Da janela do meu quarto, avisto uma obra. Em dois meses de quarentena, ela segue de vento em popa. Um dia, fui até lá e conversei com alguns pedreiros. Como médica, me senti na obrigação: nenhum de máscara. “Vocês deviam usar, mesmo trabalhando”. “Eles pedem pra gente usar, mas ninguém usa”, foi a resposta. Mais tarde, vi um homem engravatado caminhando entre as escavadeiras. Também sem máscara.
Nas semanas mais paradas da cidade, a obra seguia firme. Não teve um dia sequer em que não houvesse trabalho ali. Assisti à demolição das casas antigas, à retirada do entulho, ao nivelamento do terreno, ao preparo da fundação do prédio.
Instalaram caixas-d’água, trouxeram guindastes monumentais. Reformaram a calçada em frente e ergueram uma suntuosa portaria de vidro, com fotos do projeto nas paredes e vasos com plantas de plástico. Lá dentro, uma recepcionista aguarda as pessoas atrás de um balcão. Sem máscara.
Fico pensando nesse oásis que nem a pandemia abalou. Nesse terreno que o coronavírus aparentemente não atingiu. A vida ali continuou como se nada tivesse acontecido.
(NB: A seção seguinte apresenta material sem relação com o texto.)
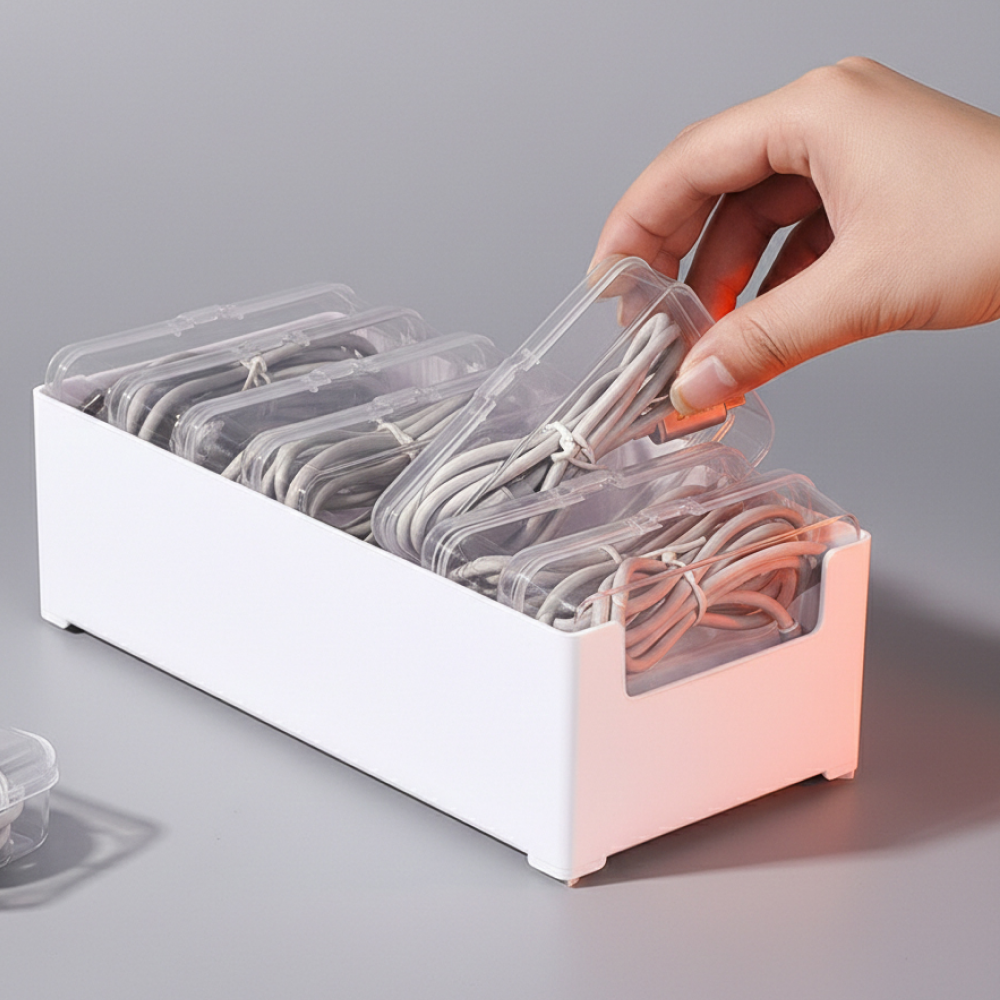 벤디크 투명 케이블 정리함 선정리 멀티 수납 박스, 화이트, 1개 8,300원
Penso também em outras obras que foram construídas dentro da calmaria das casas. E que a real obra desse momento seria exatamente paralisar a construção habitual diária. Mudar a direção…
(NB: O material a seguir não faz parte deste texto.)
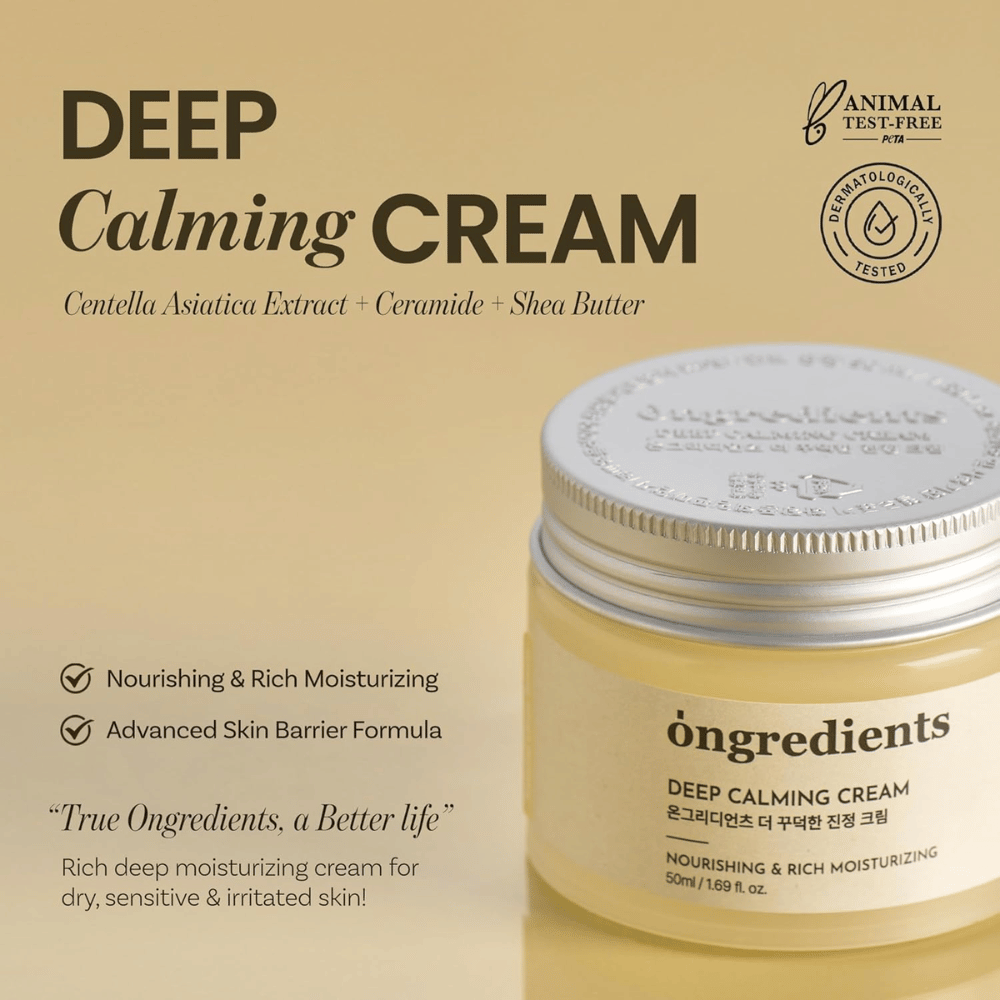 Ongredients Deep Calming Cream – testado dermatologicamente, cruelty-free creme facial para pele seca, sensível e irritada.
Onde a obra continuou como antes, simplesmente, não houve obra alguma. A obra real foi construída no respiro, na interrupção. Ali, perdeu-se a chance de operar sob o efeito coronavírus. De sentir a pressão do bicho e de se aprender algo com isso. Pessoas foram expostas. Será que há coisas maiores que um pandemônio? Certamente, há interesses maiores que a saúde das pessoas.
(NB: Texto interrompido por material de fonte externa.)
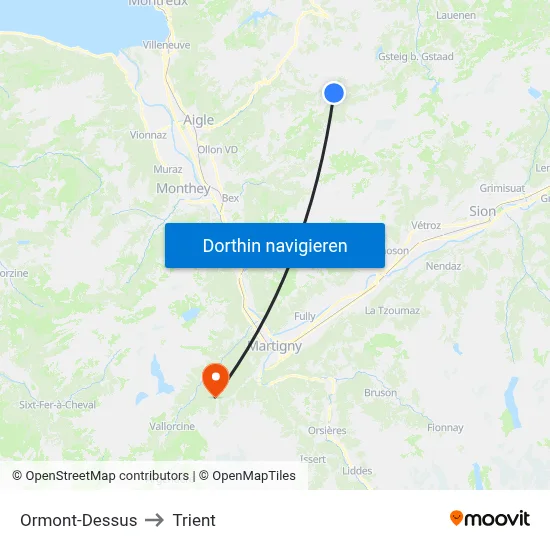 Ormont-Dessus to Trient map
Ali era uma ilha que não foi atingida pelo coronavírus. Desde sua “fachada imponente” que venderá ilusões superfaturadas, não foi avistada sequer uma máscara que pudesse macular os sonhos. Pelo andar da carruagem, em breve se instalará a placa metálica com o nome do empreendimento: “Exclusive” qualquer coisa. Ou – minha preferida – “Morada Premium”.